Tao of Tidygraph

2018-03-06

rstats tidygraph ggraph

Analysis of one interesting alliance graph within tidy network analysis framework.

Prologue

Quite some time ago I read the fantastic “Tao Te Programming” book by Patrick Burns. You can know this author from his everlasting work “The R Inferno”.

“Tao Te Programming” is a vision about what a good programming should be. It is written in [programming] language-agnostic fashion but mainly with R in mind. It is organized in 81 chapters with some distinctive feature: at the end of the most chapters there are lists of chapters-“allies” and chapters-“opponents” to the chapter in question. During the reading I was really interested in the properties of graph that is created with these connections.

From the other side of my life, I constantly hear about packages for tidy network analysis: tidygraph and ggraph. Both created by “compulsive package developer” (not sure, where to put “great” in this description) Thomas Lin Pedersen. They provide tidy tools for creating, manipulating and plotting network data. It happened, that I didn’t have an opportunity to work with them… until now.

Overview

This post is mainly about exploration of “Tao Te Programming” alliance graph using tidygraph and ggraph, with a few descriptions about those package functionality (for a thorough overview check out this speach by Thomas at rstudio::conf 2018).

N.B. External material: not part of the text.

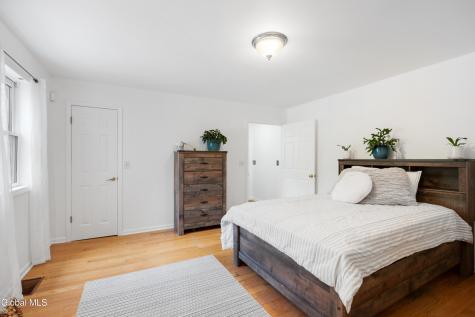 20 Stony Knoll Chatham NY 12132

It will cover:

  • Creation, visualization and exploration of alliance graph.
  • Determination of “central programming advice” or “Why you should learn to dance the Debug 2-Step”.

Data and code can be found in my taoteprog repository. It is a project with R package structure which can be installed with devtools::install_github("echasnovski/taoteprog") (for easier data access). Public sharing of these data and results of this analysis is agreed with Mr. Burns by e-mail.

Setup:

library(taoteprog)
library(tidyverse)
library(tidygraph)
library(ggraph)

set.seed(201803)

Alliance graph

Creation

Alliance graph is a set of chapters-nodes which created based on “ally” and “opponent” connections. It is created using the following data from taoteprog (which I manually created while reading a book):

  • ttp_chapters - a tibble with chapter data (column chapter for its number and name for its name). The whole list of chapters can be found here.
  • ttp_edges - a tibble with data about chapter connections. It has the following columns:
    • chapter1 for the chapter number at which list of connections is printed.
    • chapter2 for the number of connected chapter.
    • type for connection type (either “ally” or “opponent”).
    Note that connections between chapters are not symmetrical, i.e. one chapter can be an “ally” or “opponent” of the another but not the other way around.
ttp_raw <- tbl_graph(nodes = ttp_chapters, edges = ttp_edges, directed = TRUE)
ttp_raw
## # A tbl_graph: 81 nodes and 124 edges
## #
## # A directed multigraph with 20 components
## #
## # Node Data: 81 x 2 (active)
##   chapter name                   
##     <int> <chr>                  
## 1       1 Program                
## 2       2 Program Well           
## 3       3 Think Chess            
## 4       4 Carve Reality          
## 5       5 Solve the Problem      
## 6       6 Don't Solve the Problem
## # ... with 75 more rows
## #
## # Edge Data: 124 x 3
##    from    to type    
##   <int> <int> <chr>   
## 1     4     9 ally    
## 2     4    54 ally    
## 3     5     6 opponent
## # ... with 121 more rows

The main data structure of tidygraph is a tbl_graph which can be thought of as a combination of tibbles with data for nodes and edges. Note that values in from and to columns in edges tibble are the row indices of the nodes stored in nodes tibble, which will be a little confusing when nodes won’t cover all chapters.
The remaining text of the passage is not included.